• [Required work]: The required output holds only the lines from the one containing "2016 Toyota Corolla" through the end of the material below, copied exactly, please, with no pictures.

• [Records supplied]:
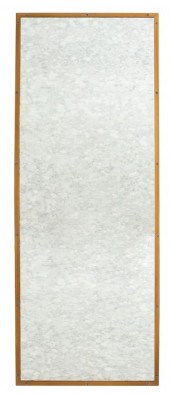 ANTIQUED BRASS FRAMED MIRROR A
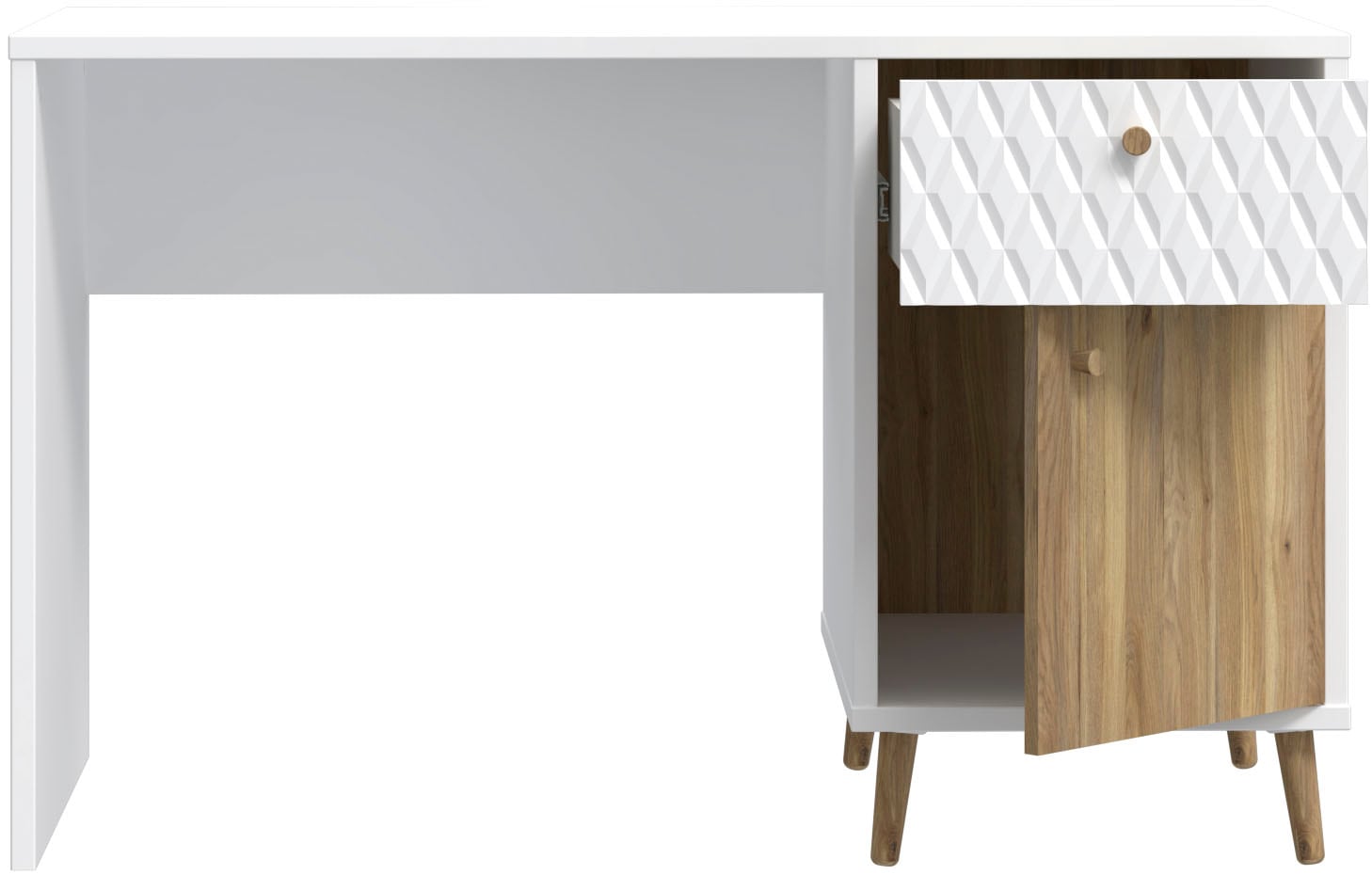 FORTE Schreibtisch »Aksana«, Schreibtisch, Soft Close, Vollauszug, modernes Design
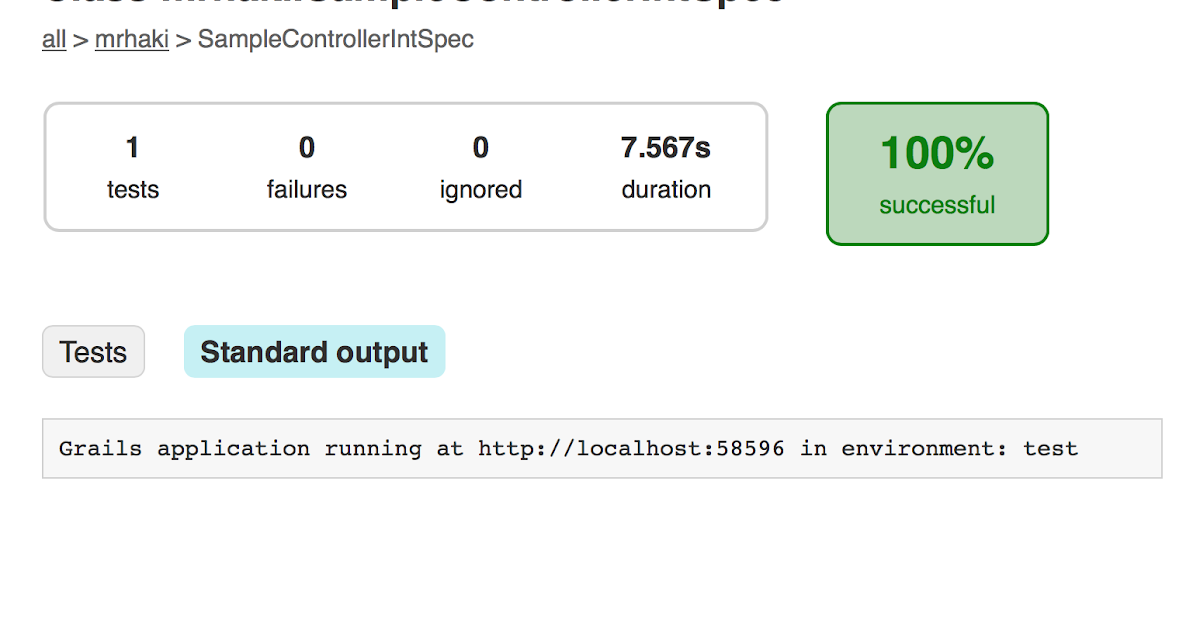 Grails Goodness Use Random Server Port In Integration Tests Messages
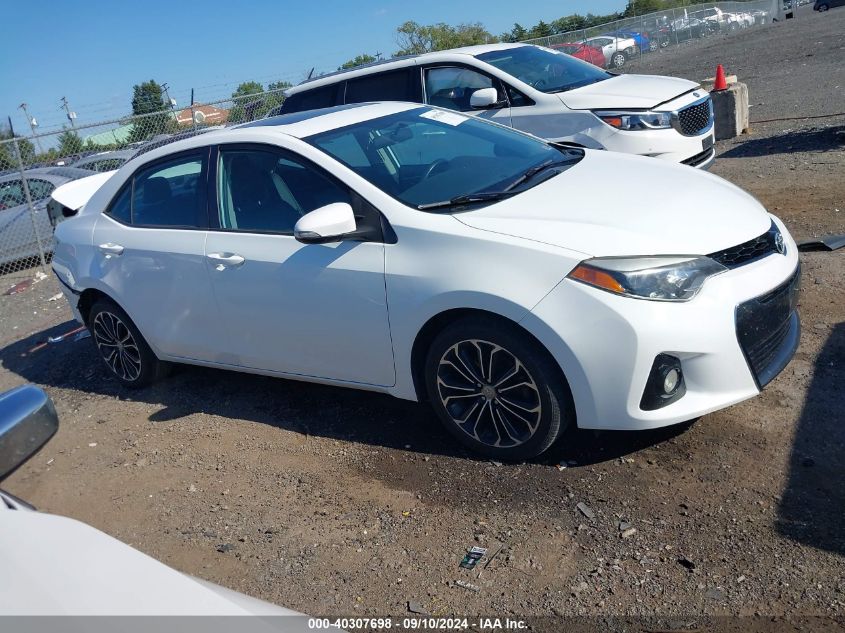 2016 Toyota Corolla S Premium VIN: 2T1BURHE2GC709496 Lot: 40307698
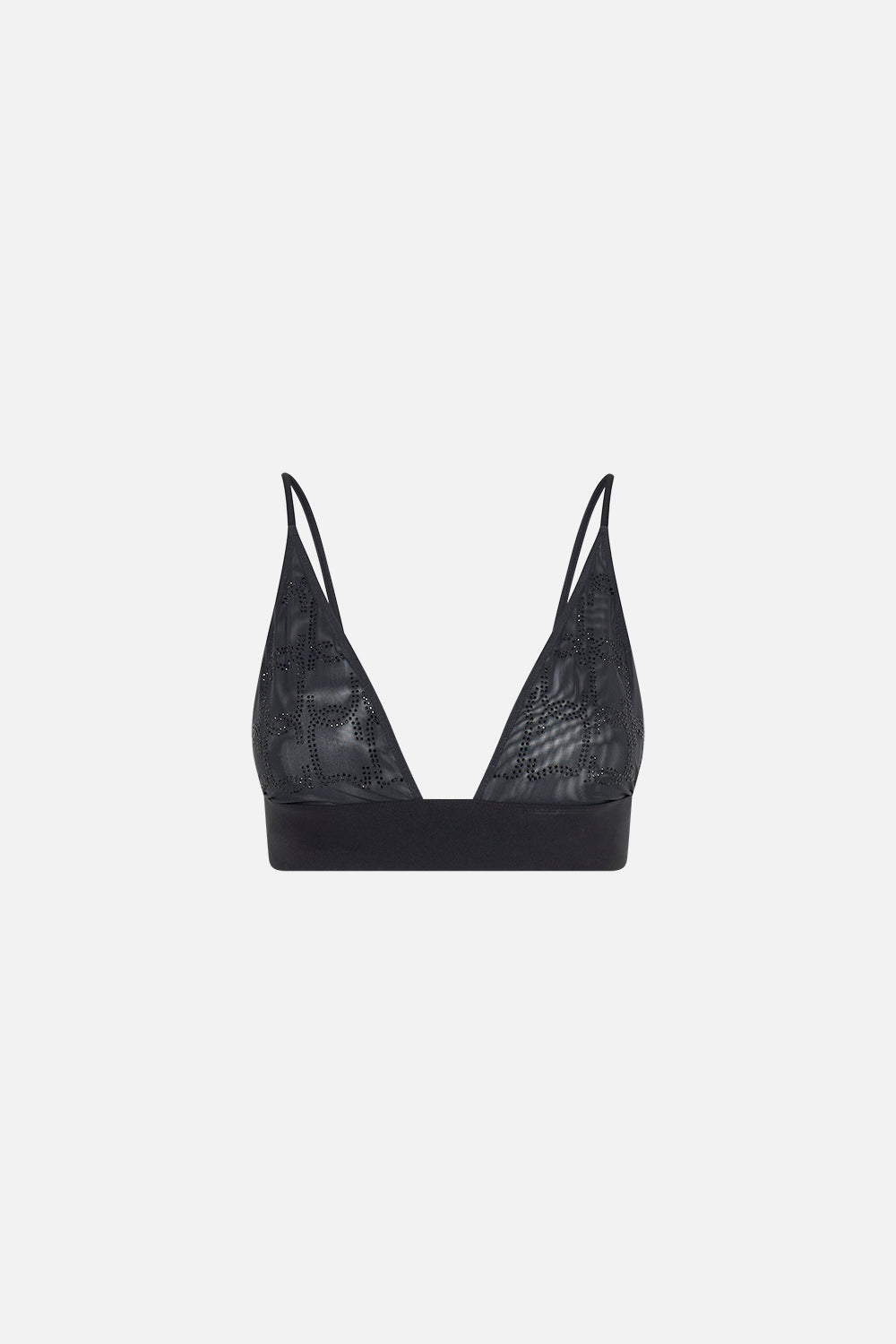 CAMILLA black mesh bra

• [Response area]:
 2016 Toyota Corolla S Premium VIN: 2T1BURHE2GC709496 Lot: 40307698
 CAMILLA black mesh bra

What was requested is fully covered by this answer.